PEP 263 comments

Thu Feb 28 09:09:23 EST 2002

"Stephen J. Turnbull" <stephen at xemacs.org> writes:

> Hi, I'm Steve Turnbull, I do XEmacs.  Mostly Mule.  Barry asked me to
> step up to bat on this.

Thanks for your comments!

> You don't.  From now on, anything that goes into the official Python
> sources is in UTF-8.  Convert any existing stuff at your leisure.
> This is recommended practice for 3rd party projects, too.  People can
> do want they want with their own stuff, but they are on notice that if
> it screws up it's their problem.

It's worse than this: under the proposed change, Python would refuse
to accept source code if it is not UTF-8 encoded. In turn, code that
has a euc-jp comment in it and is now happily accepted as source code
in the current Python programming language would be rejected.

This is like mandating that all Emacs-Lisp files are UTF-8, whether
they are part of the Emacs sources, or installed somewhere out there
in the wild.

> XEmacs actually did this (half-way) three years ago.  I convinced
> Steve Baur to convert everything in the XEmacs CVS repository that
> wasn't ISO 8859/1 to ISO-2022-JP (basically, start in ASCII, all other
> character sets must designate to G0 or G1, and get invoked to GL; at
> newlines, return to ASCII by designation; the "JP" part is really a
> misnomer, it's fully multilingual).  Presto! no more accidental Mule
> corruption in the repository.

This is a different issue: We are not discussing the encoding that the
Python sources use in the Python CVS tree, we are discussing the
encoding that Python source code uses.

> Oh, and does Python have message catalogs and stuff like that?  Do you
> really want people doing multilingual work like translation mucking
> about with random coding systems and error-prone coding cookies?
> UTF-8 detection is much easier than detecting that an iso-8859-1
> cookie should really be iso-8859-15 (a reverse Turing test).

Python supports gettext, but this is still a different issue. The
Unicode type of Python is precisely that - it is not that Python would
support different wide character implementations internally.

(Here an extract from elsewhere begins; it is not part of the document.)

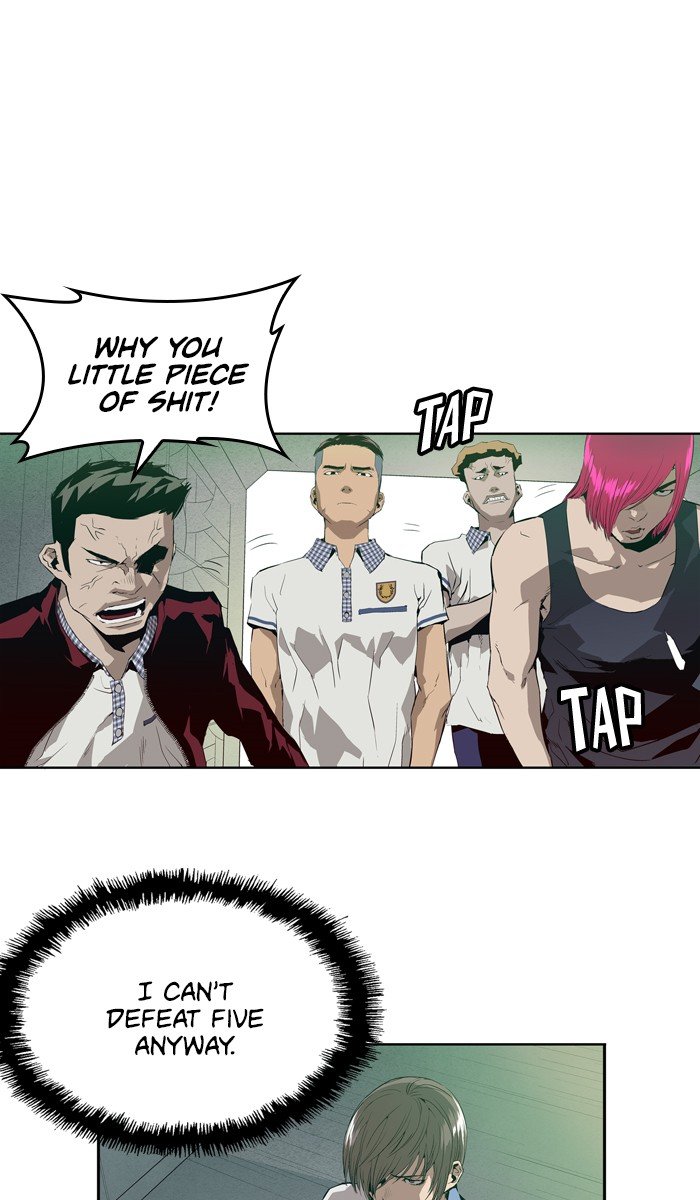 Page 79 of Chapter 4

Again,
the issue is how source code is encoded.

> So much for the alleged "backward compatibility" non-issue.  :-)
> People are abusing implementation dependencies; Just Say No.

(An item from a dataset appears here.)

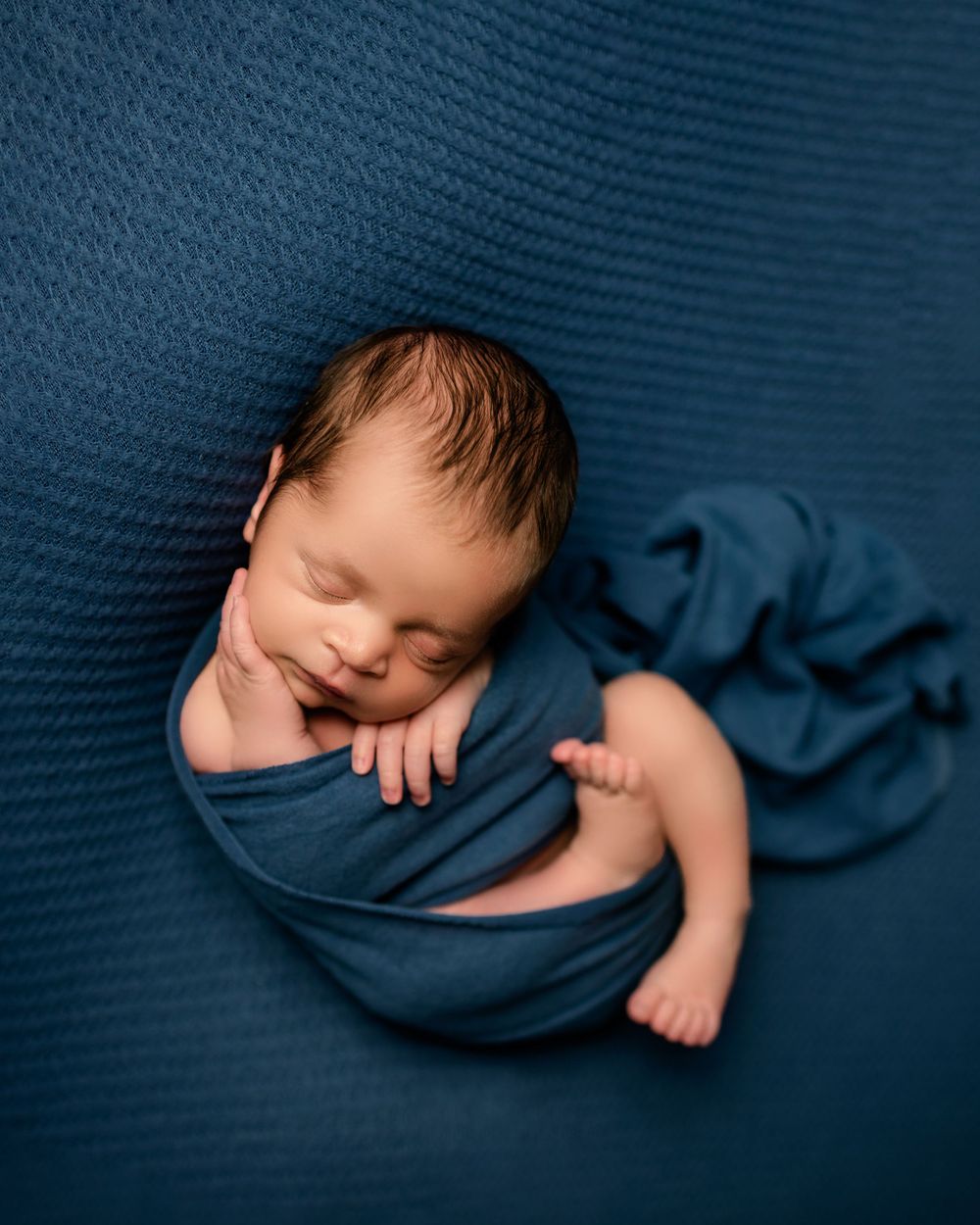 cake smash photography hampton roads, maternity portraits hampton roads, maternity photographer near me, baby photos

A very radical opinion :-) but I get the feeling you might be missing
the point in question ...

>     Martin> Will you reject a source module just because it contains a
>     Martin> latin-1 comment?
> 
> That depends.  Somebody is going to run it through the converter; it's
> just a question of whether it's me, or the submitter.  

'you' in this case isn't the maintainer of a software package; it is
the Python source code parser...

> GNU Emacs supports your coding system cookies.  XEmacs currently
> doesn't, but we will, I already figured out what the change is and
> told Barry OK.  And I plan to add cookie-checking to my latin-unity
> package (which undoes the Mule screwage that says Latin-1 NO-BREAK
> SPACE != Latin-2 NO-BREAK SPACE).  Other editors can do something
> similar.

I assume you are talking about the -*- coding: foo -*- stuff here?
*This* is the issue in question. Should we allow it, or should we
mandate that all Python source code (not just the one in the Python
CVS) is UTF-8?

> So people who insist on using a national coded character set in their
> editor use cookies.  Then the python-dev crew prepares a couple of
> trivial scripts which munge sources from UTF-8 to national codeset +
> cookie, and back (note you have to strip the cookie on the way back),
> for the sake of people whose editor's Python-mode doesn't grok cookies.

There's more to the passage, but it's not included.